### Given material
# # #
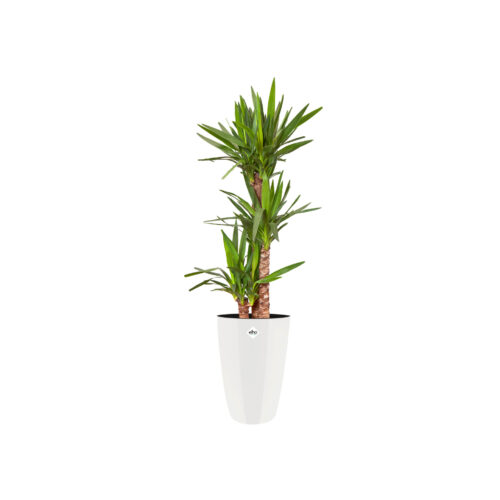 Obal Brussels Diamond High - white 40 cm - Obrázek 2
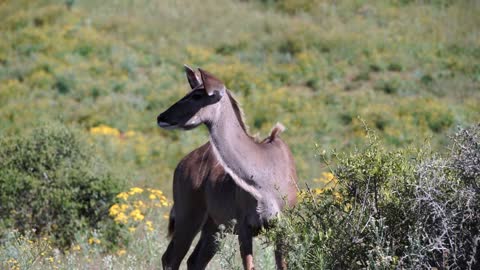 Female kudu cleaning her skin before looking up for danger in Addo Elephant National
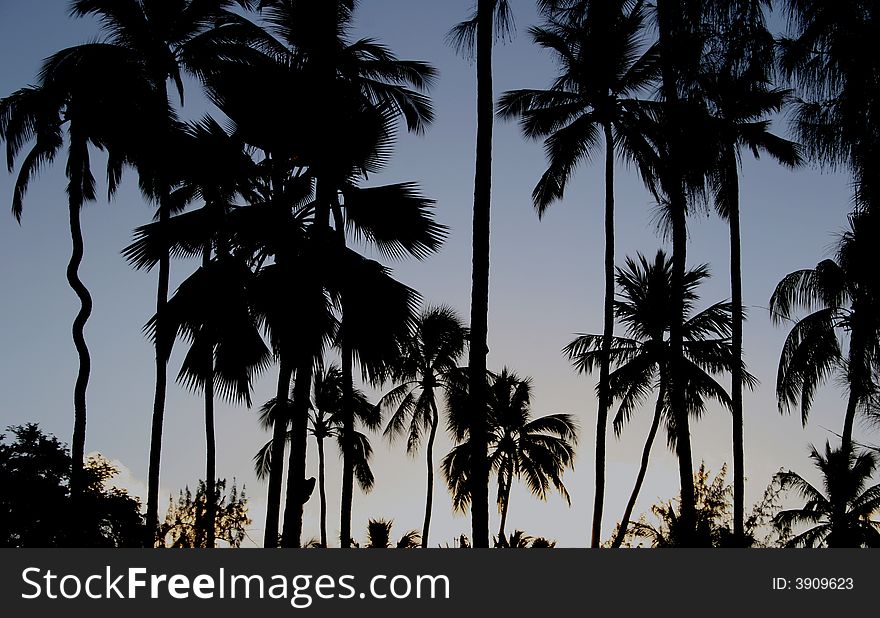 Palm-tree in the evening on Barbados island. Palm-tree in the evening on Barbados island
# # #
### Exercise
When you retype the data above, match every line exactly and leave the pictures behind.

### Solution to this problem
 Obal Brussels Diamond High - white 40 cm - Obrázek 2
 Female kudu cleaning her skin before looking up for danger in Addo Elephant National
 Palm-tree in the evening on Barbados island. Palm-tree in the evening on Barbados island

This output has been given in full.